また、また、医師が患者の苦痛を救いたい想いから法律では禁止されている安楽死行為をすることなども確信犯にあたります。
- 故意犯
自らの行為の犯罪性を自覚した上で行う犯罪です。殺人や窃盗などがこれにあたります。
確信犯が犯罪に当たらない行為も含むのに対し、「故意犯」は犯罪行為のみを指します。
- 過失犯
故意犯の反対語です。注意義務違反、つまり結果予見義務と結果回避義務に違反したことによる犯罪です。ブレーキとアクセルを間違えて事故を起こした、機器が誤操作による事故を起こさないような仕組みや操作マニュアルを備えなかったなどがこれにあたります。
- 愉快犯
世間を騒がせることによって快感を得ようと行う犯罪です。放火魔(火を見て興奮したり、消火活動を見物することを目的)やインターネットの掲示板に殺人予告する(実行は意図していない)などです。

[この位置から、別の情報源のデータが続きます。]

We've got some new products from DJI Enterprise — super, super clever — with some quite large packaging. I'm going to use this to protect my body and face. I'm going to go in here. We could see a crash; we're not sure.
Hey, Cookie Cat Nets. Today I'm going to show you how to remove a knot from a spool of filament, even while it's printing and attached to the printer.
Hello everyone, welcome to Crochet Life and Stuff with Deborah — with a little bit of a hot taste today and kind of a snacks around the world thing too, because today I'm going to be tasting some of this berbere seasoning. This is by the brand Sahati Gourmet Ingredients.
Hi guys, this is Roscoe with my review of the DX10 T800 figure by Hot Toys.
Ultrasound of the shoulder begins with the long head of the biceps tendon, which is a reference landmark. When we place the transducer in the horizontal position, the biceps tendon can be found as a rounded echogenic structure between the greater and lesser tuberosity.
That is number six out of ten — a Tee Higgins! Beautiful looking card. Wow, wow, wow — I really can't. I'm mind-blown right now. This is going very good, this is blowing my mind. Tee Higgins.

確信犯は正しいと信じて行う犯罪行為ですが、愉快犯は単に楽しみのために世間を騒がせる犯罪行為です。また、故意犯でもありますが、動機が限定されます。
- 模倣犯
他人が起こした犯罪の手法を模倣した犯罪です。
確信犯のような信念はないし、故意犯や愉快犯の一種ですが、手口が「他の犯罪の模倣」に限られる点が異なります。
- 詐欺犯
上記のような「心理による分類」ではありませんが、情報関連で多く見られる犯罪です。
「なりすまし」により、悪意のあるWebサイトに誘導され、個人情報などを窃取される。
特殊詐欺:いわゆる「オレオレ詐欺」
立場による区分
ここでは企業におけるITに関連した事項に限定します。
- 外部犯行
代表的な攻撃はウイルス感染、不正アクセス、偽メールなどによる、機密情報の漏洩、データの改ざんなどです。

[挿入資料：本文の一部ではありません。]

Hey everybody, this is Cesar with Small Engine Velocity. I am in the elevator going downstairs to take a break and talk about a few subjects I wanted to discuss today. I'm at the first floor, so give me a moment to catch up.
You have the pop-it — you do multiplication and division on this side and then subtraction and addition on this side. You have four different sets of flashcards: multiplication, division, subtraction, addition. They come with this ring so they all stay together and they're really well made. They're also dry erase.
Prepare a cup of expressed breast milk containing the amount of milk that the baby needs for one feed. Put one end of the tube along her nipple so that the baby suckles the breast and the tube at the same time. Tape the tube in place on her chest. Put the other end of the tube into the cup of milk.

一般に、アクセスの権限を持つ人や重要関係先の人のユーザIDやパスワードを入手して、その人に「なりすます」ことから犯行に進みます。社内の不注意を防ぐことが最大の対策になります。
- 内部犯行
社内の情報システムやLANを通しての犯行です。
- 社内部外者
対象となる情報にアクセスする権限がない者による攻撃です。
- 不注意・誤操作
怪しいメールを開いてしまった、その内容に従ってしまった、ユーザIDやパスワードを他人が見える環境に放置した、操作を誤って重要なファイルを削除してしまった、などです。注意喚起の指導と、不注意操作を警告する仕組みなどが必要です。
- 偶然・好奇心
たまたま、人事評価や機密情報のファイルを発見した。好奇心から開き、つい改ざんしたりコピーしてしまった。それらを防ぐために、ファイルのアクセス制御や暗号化などを徹底することが必要です。
→参照:性弱説
- 業務担当者
経理部員が会計データを操作して着服した、技術部員が機密の技術情報を外部に売ったなどです。
業務上、正規にアクセスする健全を持つ者による犯行ですので、不正行為の防止や発見が困難です。そのため、犯行が長期にわたり、被害も甚大になる傾向があります。

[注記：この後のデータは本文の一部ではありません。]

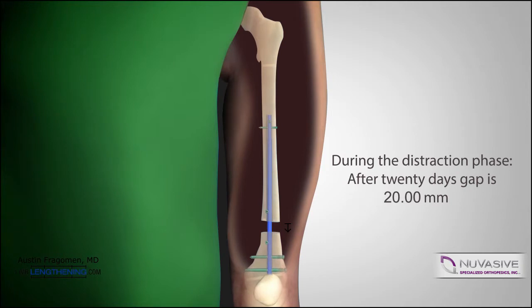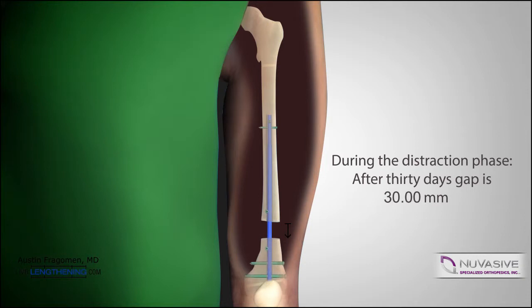In this case, we wanted 30 millimeters of length, so it took approximately 30 days to achieve that length. The patient is followed every 10 to 14 days postoperatively with x-rays to ensure that we have achieved the length we want.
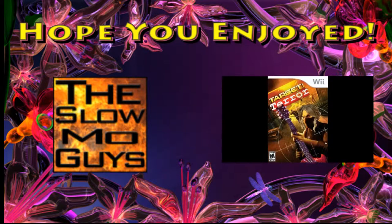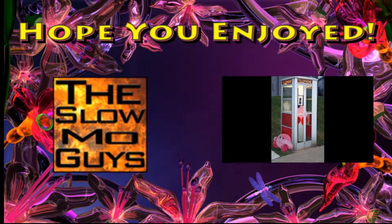Also, make sure to check out the group that inspires my slow motion videos, the Slow Mo Guys, and my playlist full of funny parodies that mix Star Wars and the Little Mermaid, Taylor Swift and Target Terror, Kirby and Maroon 5, and soon to be much, much more. Thanks, and have a blessed day. Bye.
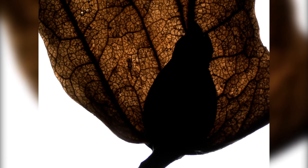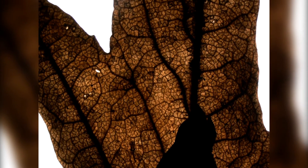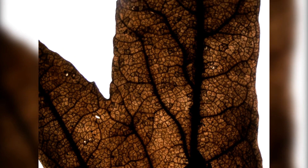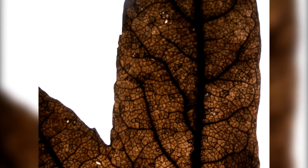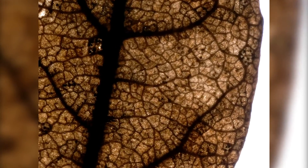Let's try some transmitted light. Wow, now you really see the veins running through the leaf, distributing all the nutrition — when it was green — to the other parts.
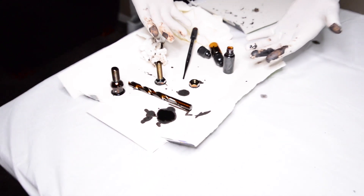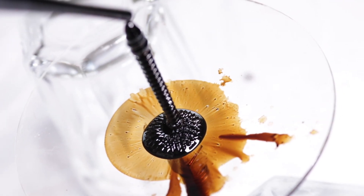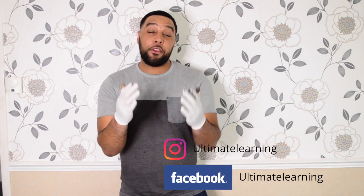So what have we learned today? We've learned that ferrofluid is a magnetic liquid and it forms these spikes when you place it near a magnetic field. Tap the like button and share the video if you enjoyed it.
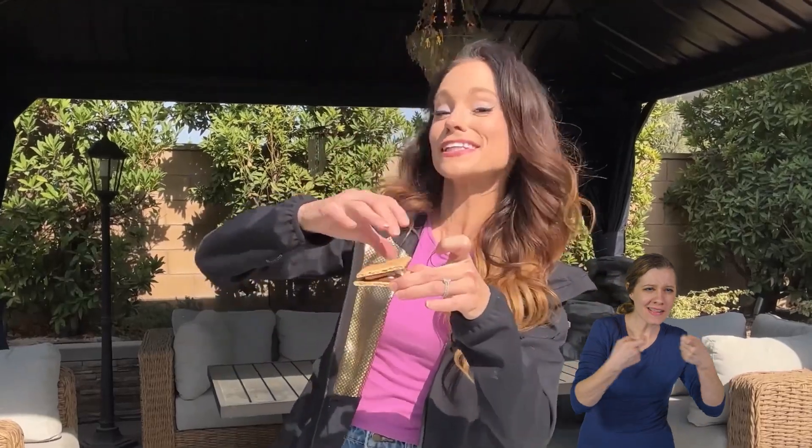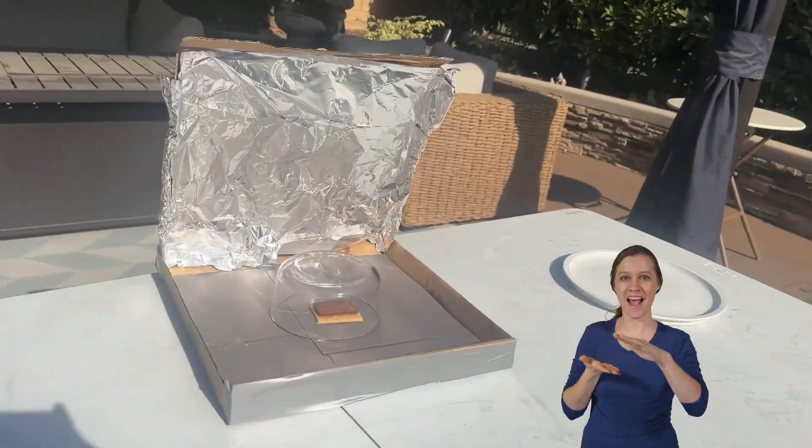How would you cook something if you didn't have electricity or fire? What if you could use basic materials to harness the power of the sun with a pizza box? I partnered with Columbia, who are experts in harnessing the power of light, to teach you how to make a solar oven.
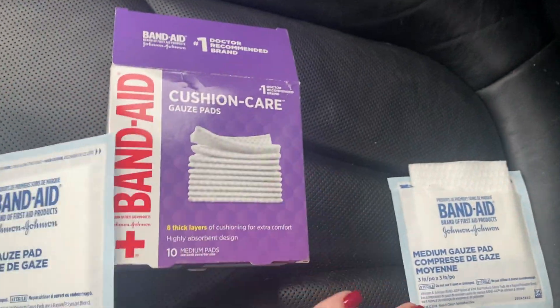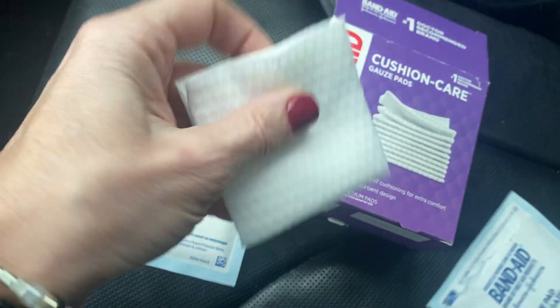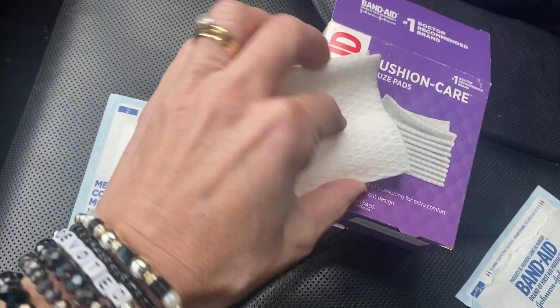Once you open it, this is what the gauze pad looks like on the inside. I've already torn it open, and it's really nice and thick — it's folded here in the middle.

業務分掌など相互チェックの仕組みの整備、アクセスログの記録や分析のルーチン化などが必要です。
→参照:不正のトライアングル
- 離職者
再就職を有利にするために、自分が担当した情報システムや技術情報をコピーする不正です。業務担当者と同じような対策が必要です。
- 社外関係者
情報システムの開発や運用、一部業務の委託など、社外の人が社内情報に接する機会が多くあります。秘密保護に関する契約、その管理が重要になります。